The units of measurement displayed in the table are quite abstract. To give you a better idea of the amount of data each unit can store, here are a few examples:
Storage capacities:
1 KB = a text with approx. 1,000 letters
1 MB = approx. 400 pages in a book
1 GB = approx. 250 MP3 songs in medium quality
1 TB = approx. 250 downloaded movies
Data usage:
Approx. 10 KB = Sending a message in WhatsApp
Approx. 10–30 MB = a one-minute YouTube video in HD quality
Approx. 1 GB = 5 hours of video streaming in standard definition.
Since when has the gigabyte been used and what for?
Until the early 1980s, a size specification in megabytes was sufficient for storage media. With increasing capacities, however, megabytes have been replaced by the next largest unit of measurement – the gigabyte. In 1980, IBM released the first 1.28 GB hard drive that was the size of a refrigerator. It took 10 years before the first computers with 1 GB drives became commercially available. Thanks to ongoing technological advances, terabytes or even petabytes have become more common units of measurement for hard disk drives.

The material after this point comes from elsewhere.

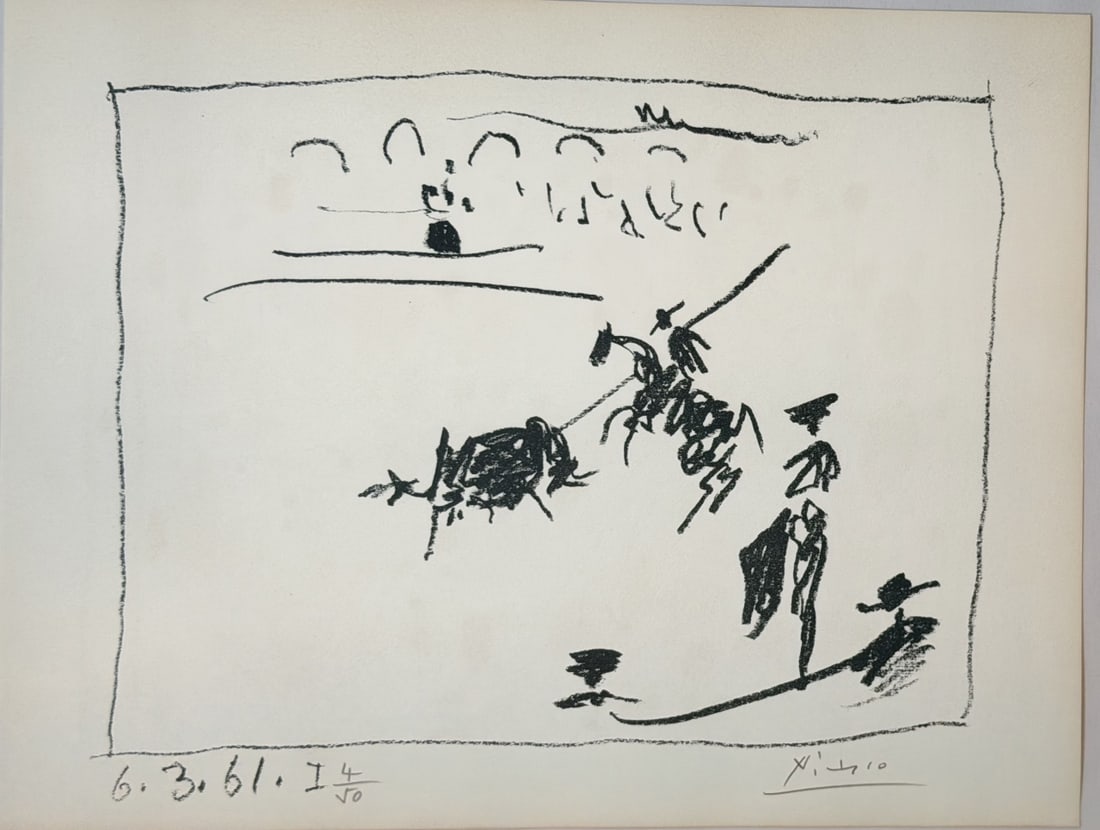 Pablo Picasso "Le Pique" LE Litho #4/50 (1 of 5)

Gigabytes are far from being obsolete. Today, GB is used to indicate file sizes or the storage capacity of USB sticks, external hard drives, CD-ROMs, or DVDs. Commercially available memory cards in smartphones or tablets usually have a storage capacity of 16, 32, or 64 GB. Mobile phone providers indicate contractually guaranteed, monthly data volumes in GB. Cloud providers tend to use this unit to calculate the costs incurred for their storage capacities (e.g., in the form of cents per gigabyte).